*WORKING DATA*
+ + + + +

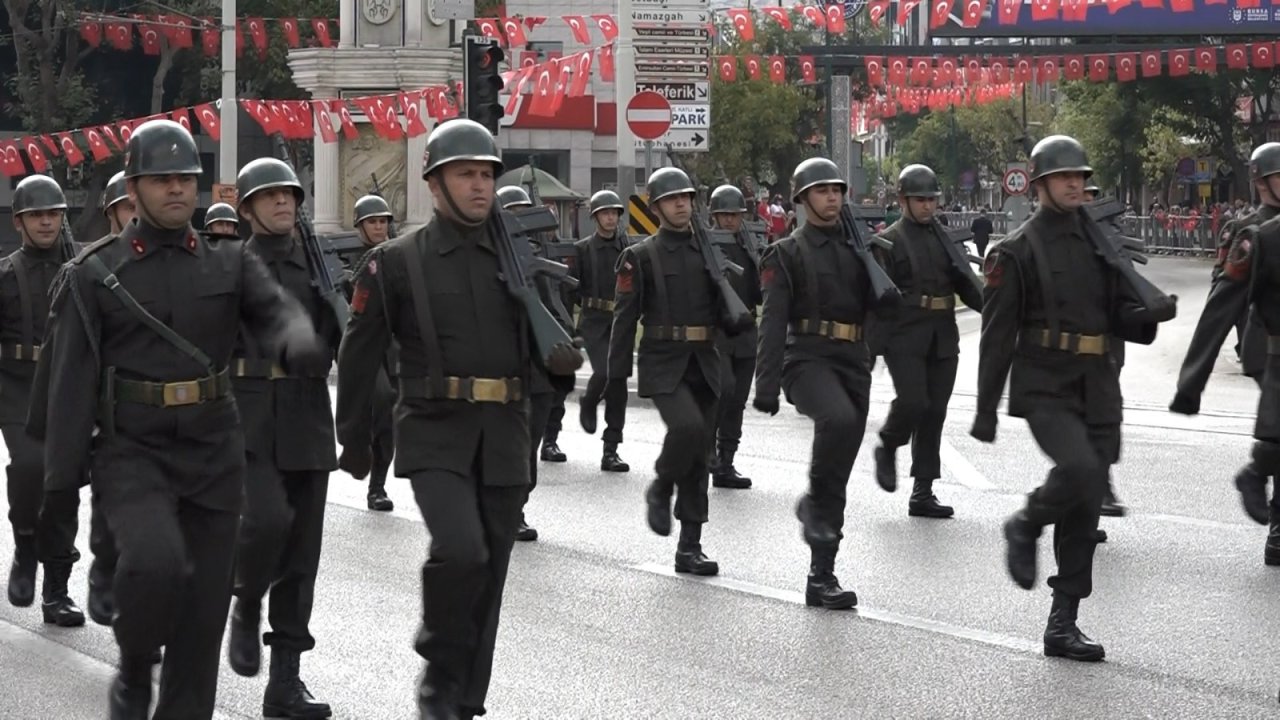 Bursa'da, 30 Ağustos Zafer Bayramı coşkusu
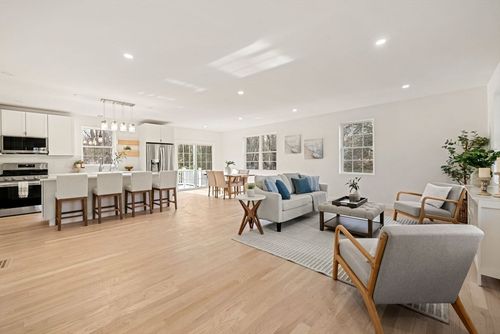 441 Old County Rd, Westport, MA, 02790-1174 | Card Image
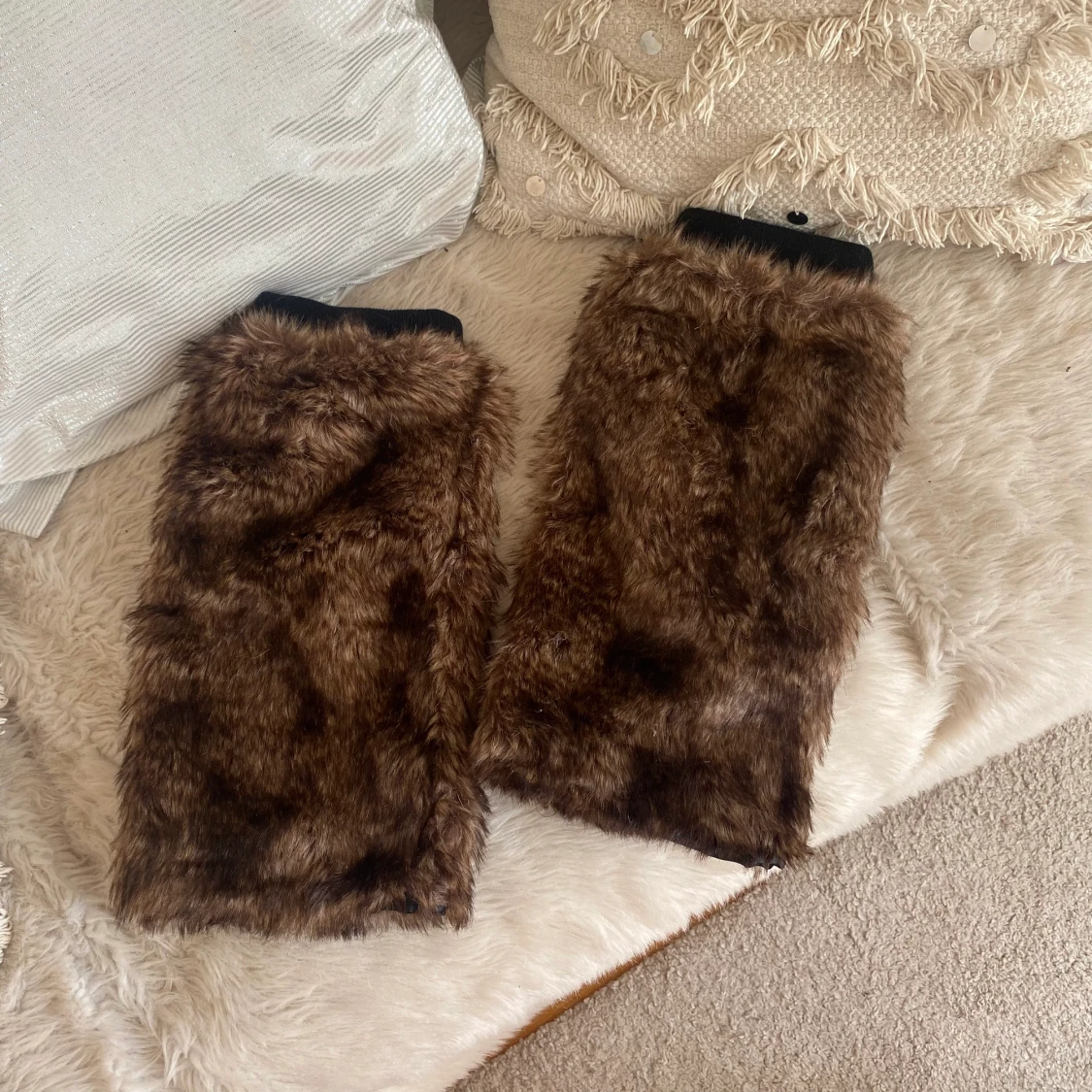 Fluffiga benvärmare 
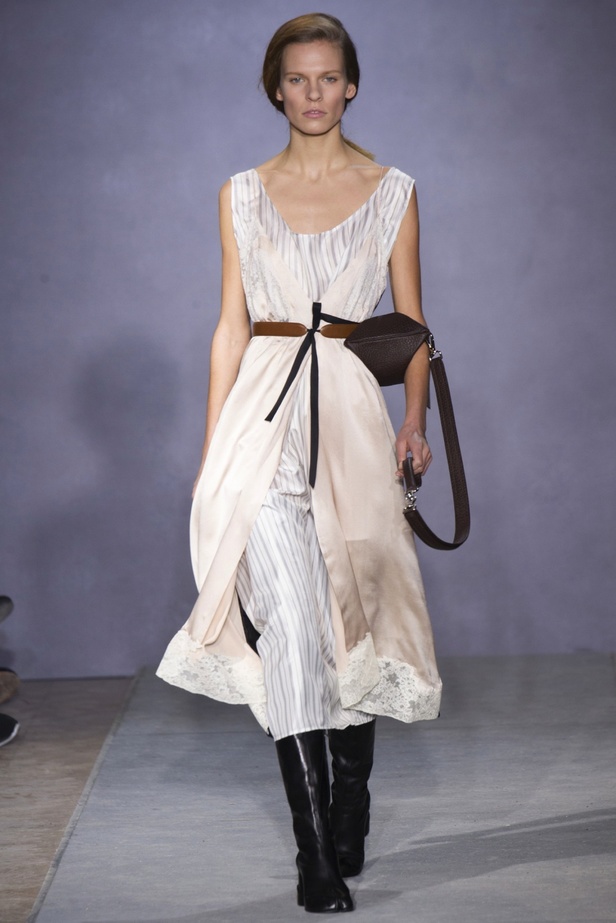 أناقة انكليزية من دار Martin Margiela الفرنسية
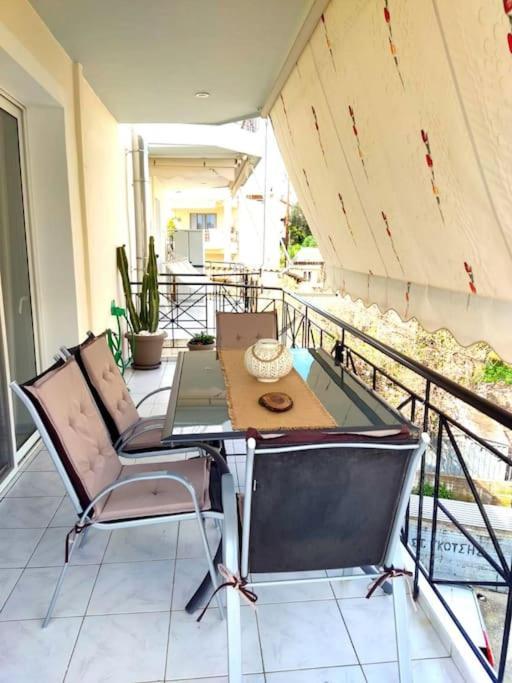 Kalamata Nestor Apartment-Near Historical Centre Zewnętrze zdjęcie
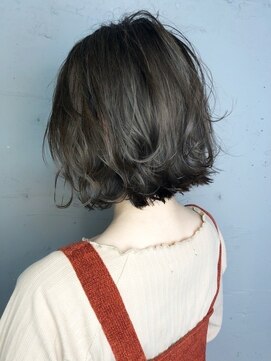 ルッソリベラ 池袋(Lusso libera) ミディアム　グレージュ　池袋/30代40代50代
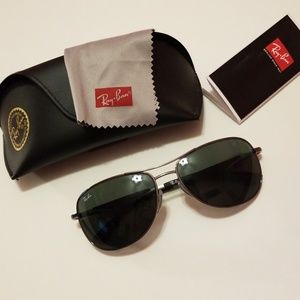 Ray Ban aviators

+ + + + +

*WORK INSTRUCTIONS*
From the line containing "441 Old County" to the last line of the listing above, transcribe each line exactly, skipping the pictures.

*YOUR RESPONSE*
 441 Old County Rd, Westport, MA, 02790-1174 | Card Image
 Fluffiga benvärmare 
 أناقة انكليزية من دار Martin Margiela الفرنسية
 Kalamata Nestor Apartment-Near Historical Centre Zewnętrze zdjęcie
 ルッソリベラ 池袋(Lusso libera) ミディアム　グレージュ　池袋/30代40代50代
 Ray Ban aviators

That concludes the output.